# EXERCISE DESCRIPTION
Retype all data exactly as given. Pictures should not be retyped.

# GIVEN DATA
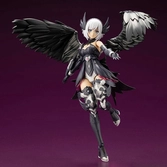 Arcanadea figurine plastic model kit lumitea react-a 17 cm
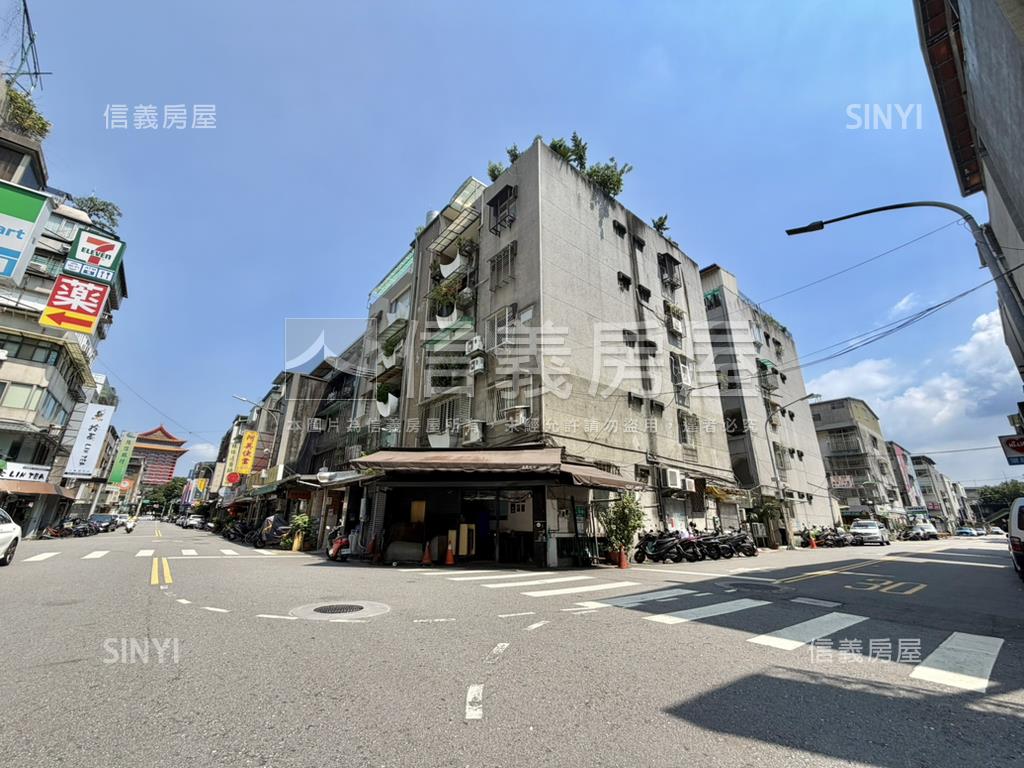 劍潭三角窗傳家面寬金店房屋室內格局與周邊環境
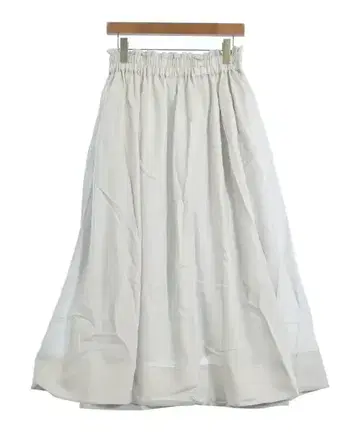 ebure 롱 맥시 길이 스커트 여성용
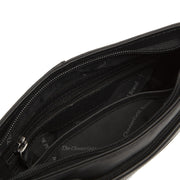 Vista interior Showing Dedicated Padded Laptop Sleeve &amp; Multi-Compartment Organization
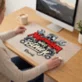 Podkładka Na Biurko 40x60cm Dla Mechanika Prezent Dla Mężczyzny: Naprawiam Więc Istnieję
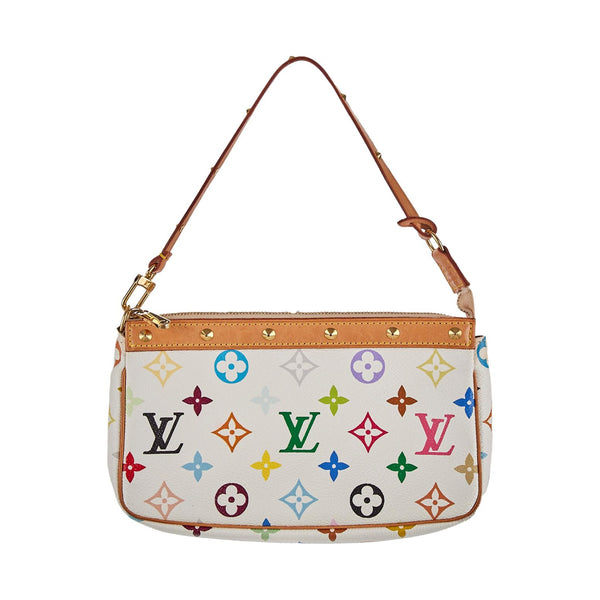 Vintage Louis Vuitton Multicolor Monogram Mini Shoulder Bag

# RESPONSE AREA
 Arcanadea figurine plastic model kit lumitea react-a 17 cm
 劍潭三角窗傳家面寬金店房屋室內格局與周邊環境
 ebure 롱 맥시 길이 스커트 여성용
 Vista interior Showing Dedicated Padded Laptop Sleeve &amp; Multi-Compartment Organization
 Podkładka Na Biurko 40x60cm Dla Mechanika Prezent Dla Mężczyzny: Naprawiam Więc Istnieję
 Vintage Louis Vuitton Multicolor Monogram Mini Shoulder Bag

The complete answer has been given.